A Human Rights Watch divulgou nota na qual insta o Governo de Bolsonaro a “garantir que quaisquer discussões sobre mudanças das políticas de Direitos Humanos no país ocorram de forma transparente, com amplo debate e participação da sociedade civil e dos grupos envolvidos”. A diretora da entidade no Brasil, Maria Laura Canineu, destacou também que o Planalto “vem promovendo uma agenda antidireitos”, e que agora planeja mudar o PNDH-3 “em segredo absoluto e sem a participação de qualquer um que discordar de suas políticas”.
Por fim, dois episódios acendem alerta para táticas do Governo para silenciar seus críticos.

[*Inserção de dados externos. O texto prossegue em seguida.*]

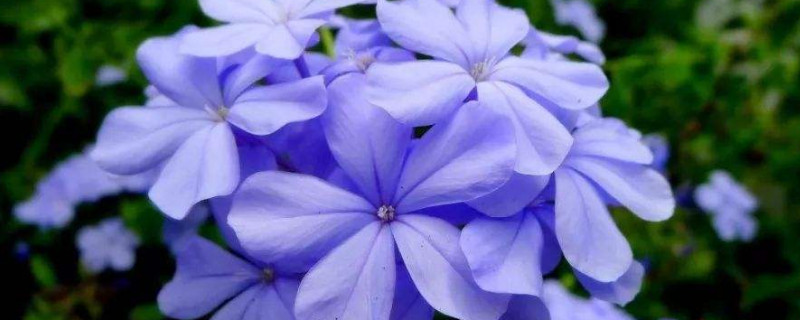 蓝雪花花苞黑了怎么回事 蓝雪花花苞黑了怎么回事啊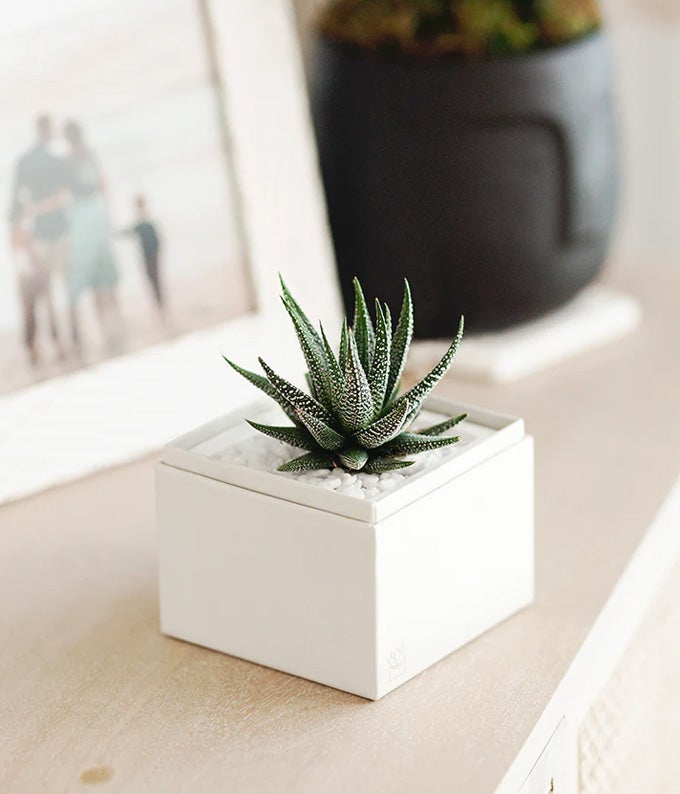 L-319_A3.jpg Lula's Garden ® Congratulations Zebra Succulent Gift - Image 4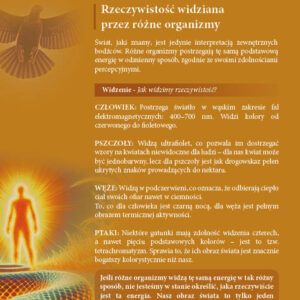 Hologramowy Świat<br>Zmysły - obrazek 6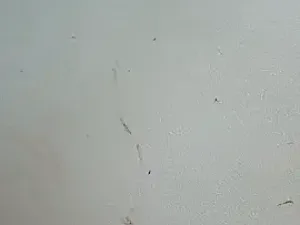 -Bitilu-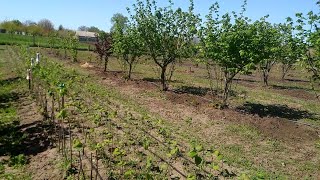 Фундук. Початок укорінення саджанців. Горизонтальні відводи. Частина 1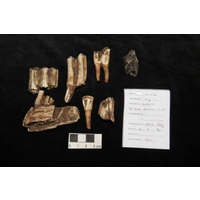 Component 3 (view 5)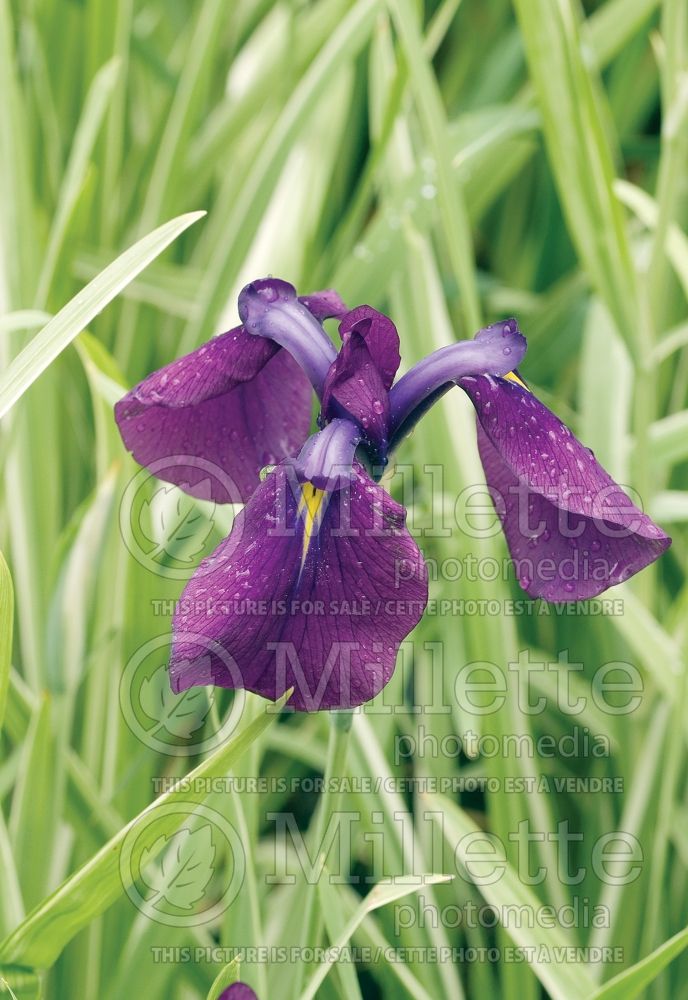 Iris Variegata (Japanese Flag, Russian Iris) 3 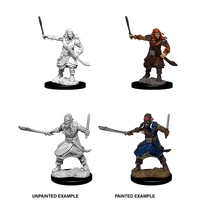Dungeons & Dragons Nolzurs Marvelous Miniatures Bandits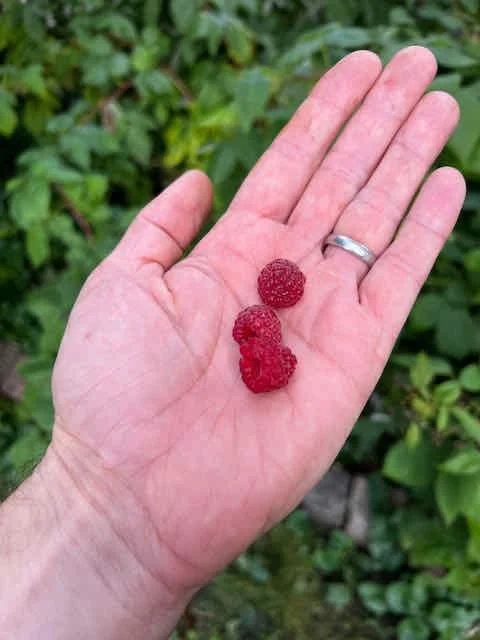 0644 - last raspberries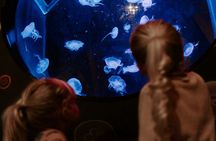 Sea Life Brighton entrance tickets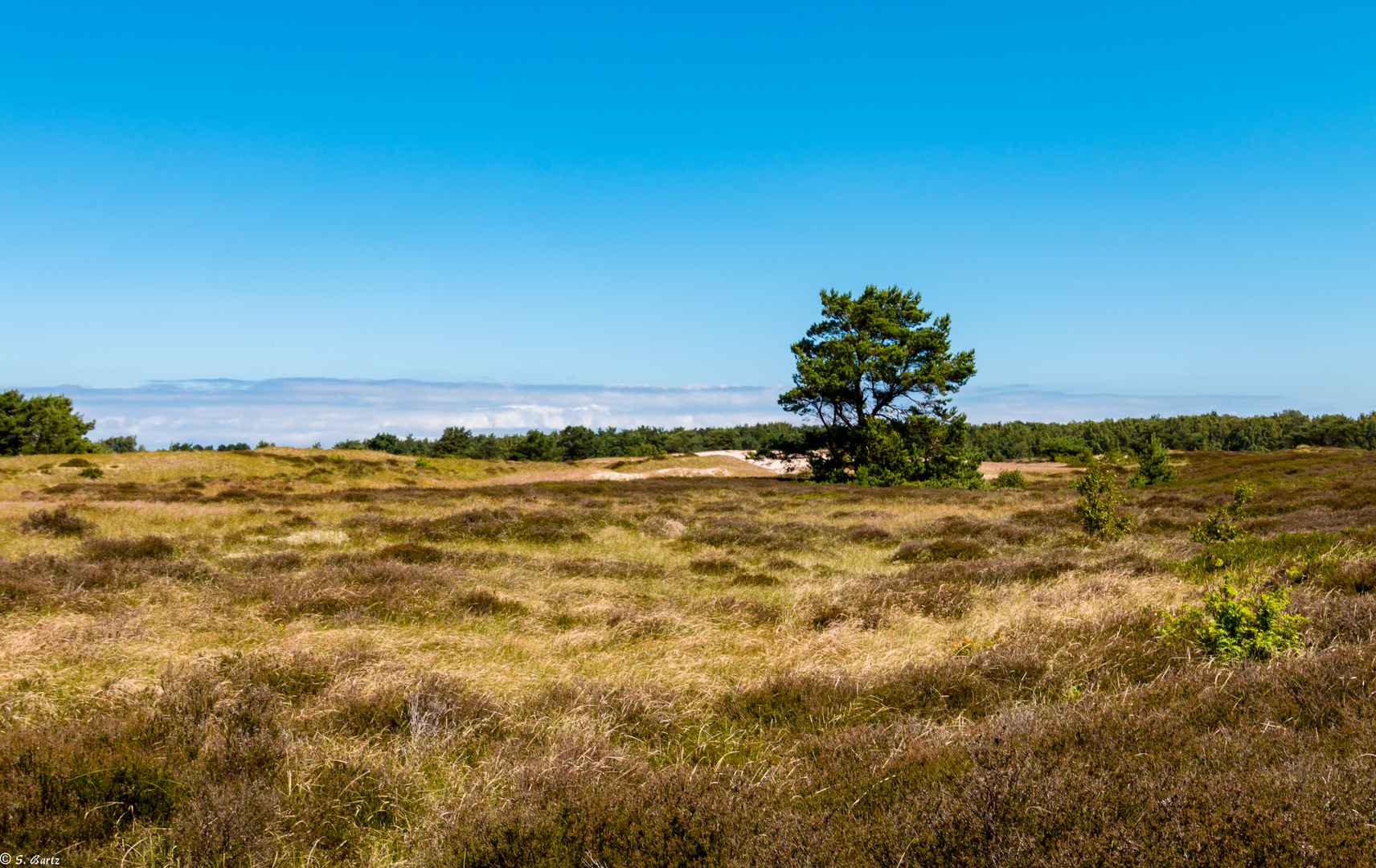 Der Baum und die Heide 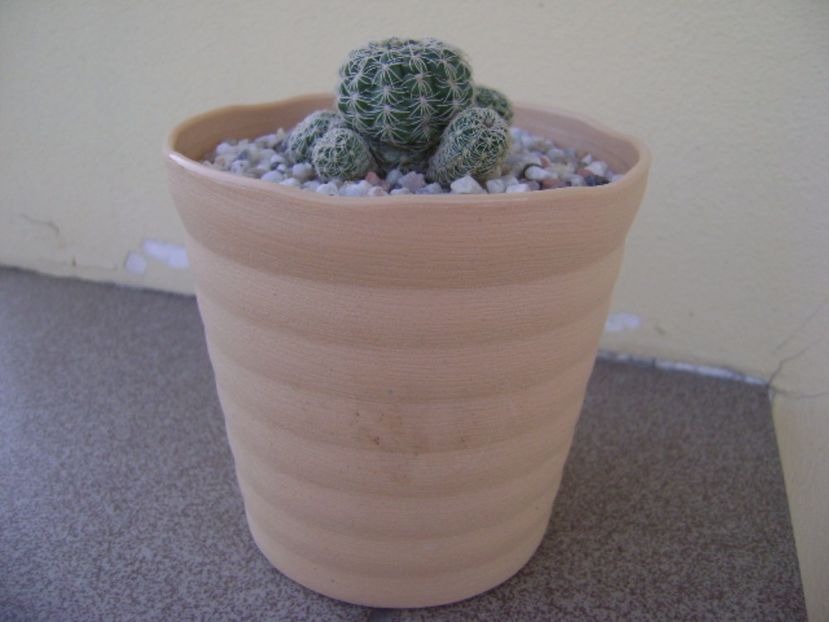 Gymnocalycium bruchii - Cactusi 2017 Gymnocalycium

Nesta semana, a Controladoria Geral da União, subordinada à Presidência, lançou uma ofensiva contra dois professores da Universidade Federal de Pelotas (Ufpel), no Rio Grande do Sul. Na linha pregada pelo movimento Escola Sem Partido, que visa monitorar e tolher a liberdade de expressão dos docentes nas escolas, o órgão subordinado ao Planalto fez com que o epidemiologista e ex-reitor da Universidade Pedro Rodrigues Curi Hallal e Eraldo dos Santos Pinheiro tivessem que assinar um termo de ajustamento de conduta. Ambos haviam criticado Bolsonaro durante uma transmissão ao vivo em janeiro. O deputado federal Bibo Nunes (PSL-RS) acionou a CGU pedindo a exoneração dos dois —o que ainda não conseguiu. Agora eles terão que ficar dois anos seguindo à risca a lei 8.112, que veta a funcionários públicos ”promover manifestação de apreço ou desapreço no recinto da repartição”, sob pena de sofrerem sanções mais graves.
Eu sua conta no Twitter, o professor Hallal resumiu nesta quinta-feira seu ponto de vista sobre o ocorrido. “Existe um ditado alemão que diz: ‘Se há dez pessoas numa mesa, um nazista chega e se senta, e nenhuma pessoa se levanta, então existem onze nazistas numa mesa. Não se pode tolerar o intolerável”, escreveu. Ao EL PAÍS, o ex-reitor que coordenou o maior estudo epidemiológico do país sobre a covid-19, disse: “Não me lembro de nada do tipo partindo diretamente do Governo Federal. Processos disciplinares acontecem com frequência, envolvendo acusações de assédio, prestação de contas errada e uso inadequado de recursos. Agora um processo disparado por um deputado ligado ao presidente da República diretamente contra um professor, é a primeira vez que eu vejo”.
Nesta sexta, os pesquisadores do IPEA foram surpreendidos por um ofício assinado pelo presidente do órgão, Carlos Von Doellinger, que lembra a todos que os estudos e pesquisas “são direito patrimonial do Ipea” e que a divulgação “pode ocorrer após sua conclusão e aprovação definitiva, devendo serem seguidos normais, protocolos e rotinas internas, inclusive quanto à interação com os órgãos de imprensa”. O texto lembra que, caso a ordem não for seguida, pode haver punições. Ainda que a normativa se baseei em regras internas do órgão, subordinado ao Ministério da Economia, o ofício foi visto como intimidatório pelos funcionários. Circula internamente que o detonador do ofício, classificado de “lei da mordaça” e “censura prévia” pelo sindicato do IPEA, foi a publicação de um trabalho ainda em andamento do economista Marcos Hecksher pela BBC Brasil. Segundo a estudo, “o risco de morrer de covid-19 no Brasil foi mais de 3 vezes maior que no resto do mundo. Constrangimentos no órgão não são exatamente novidade ―em 2014, pesquisadores relataram ter sofrido pressão do Governo Dilma Rousseff para não publicar um estudo que falava sobre a alta da pobreza extrema―, mas a percepção é de que a atual cúpula foi além com a determinação de que as pesquisas são “propriedade” do IPEA.